### Task
For the material below, set down exactly the lines between the one containing "סון הר מלך בניחום אבלים" and the last line, both included, leaving every picture out.
####
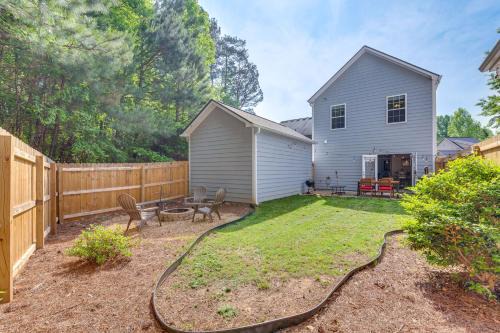 Canton Home w/Fenced Yard: 6 Mi to Lake Allatoona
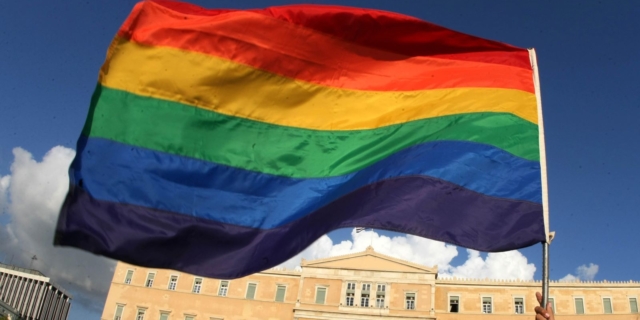 Σήμερα ξεκινά στην Βουλή η επεξεργασία του νομοσχεδίου για τα ομόφυλα ζευγάρια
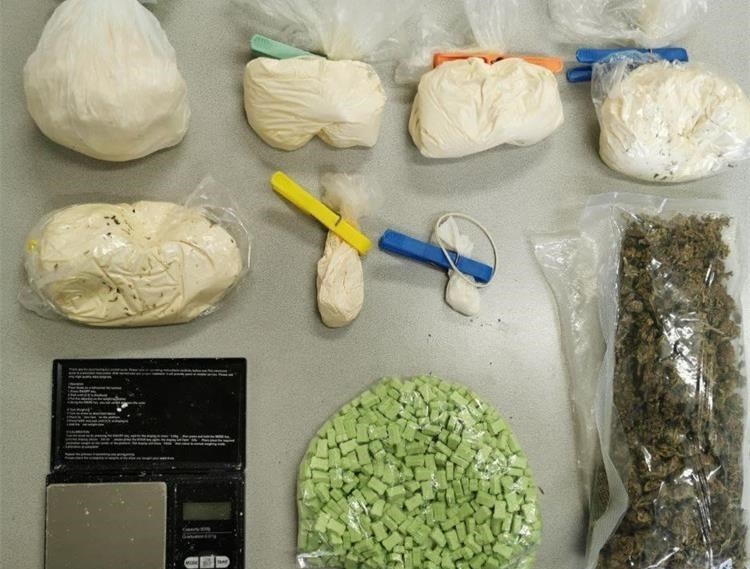 ZAPLIJENJENI SPID I MARIHUANA: Uhapšeni dileri iz Maglaja i Stanara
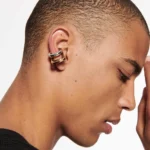 Orecchino a clip squadrato bicolore placcato oro 18K - immagine 2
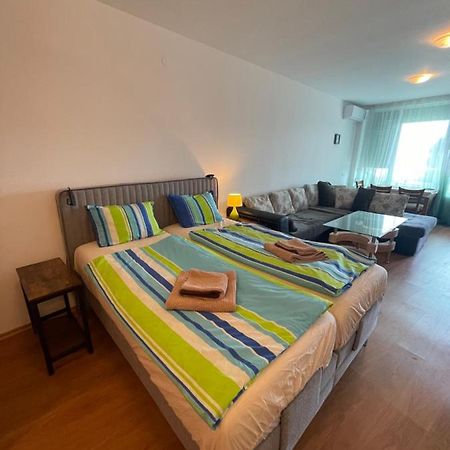 Studio Silver Terace With Sea View For 4 Person Byala  Eksteriør billede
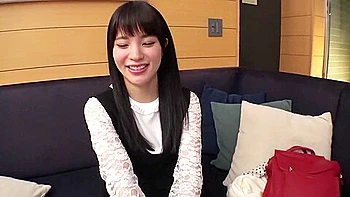 スレンダーボディが美しいブルマ姿の美人女子大生が欲求不満でAV出演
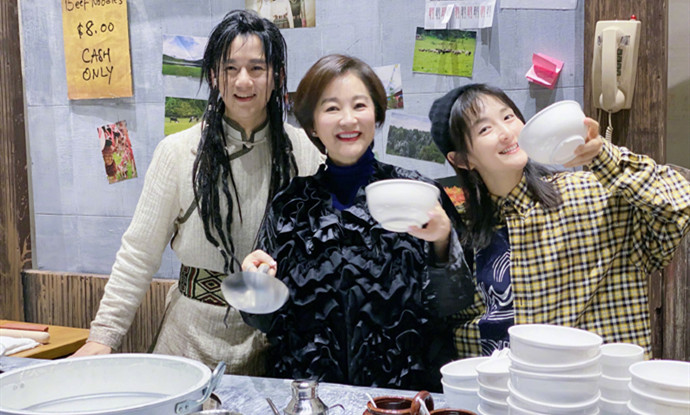 林青霞谢娜同框怎么回事？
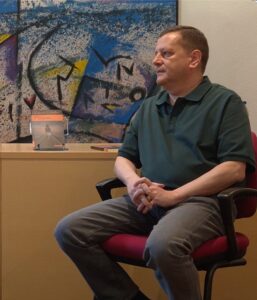 Eduardo Caballero: «Móstoles siempre ha estado presente en mis libros, es mi ciudad y una fuente de inspiración»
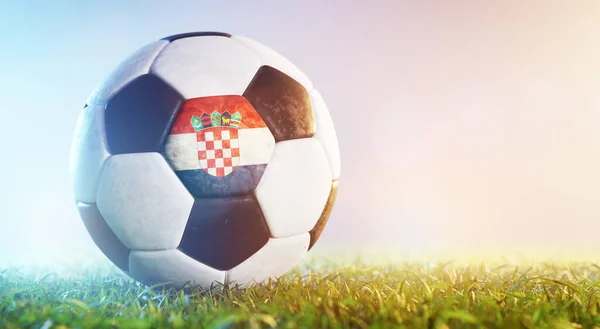 Çimlerin Üzerinde Hırvatistan Bayrağı Olan Futbol Topu Hırvat Milli Takımı — Stok fotoğraf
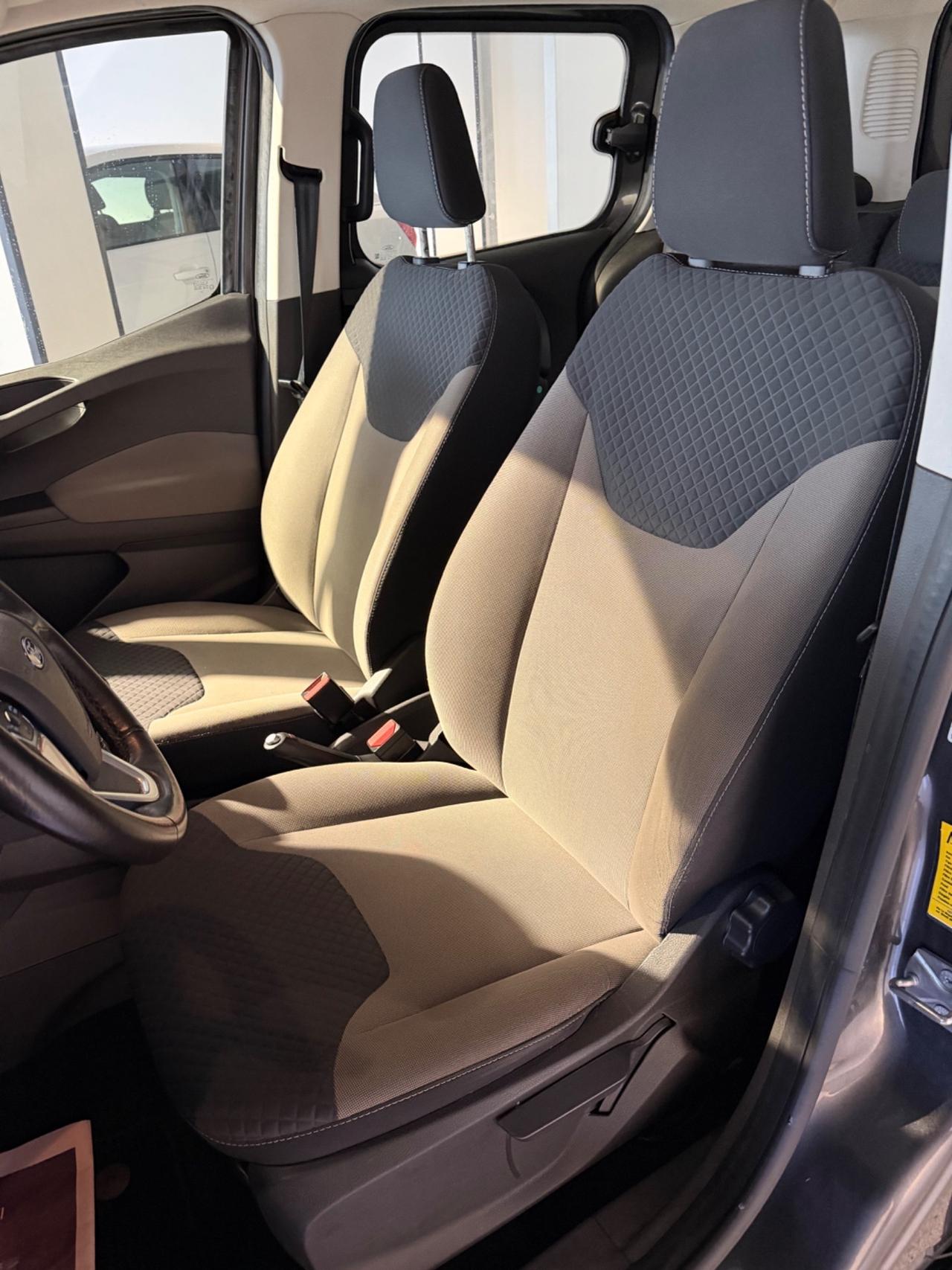 Ford Transit Courier 1.5 TDCi 75CV Van Trend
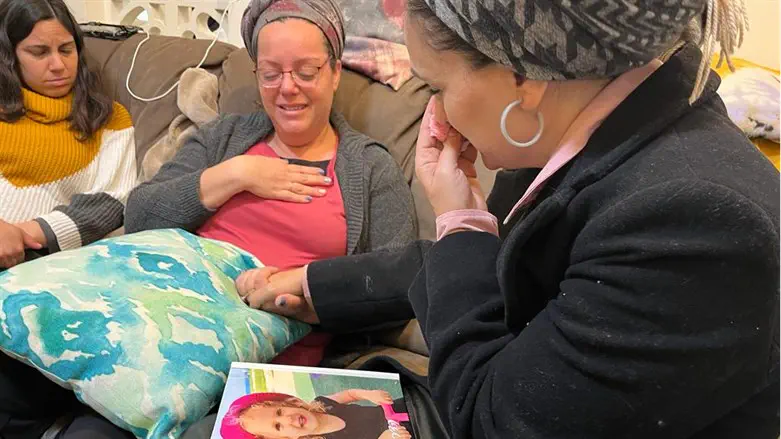 סון הר מלך בניחום אבלים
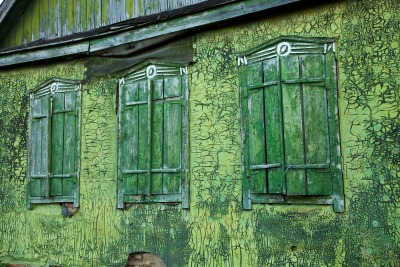 Obdrapany dom na rosyjskiej wsi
####
### Solution
 סון הר מלך בניחום אבלים
 Obdrapany dom na rosyjskiej wsi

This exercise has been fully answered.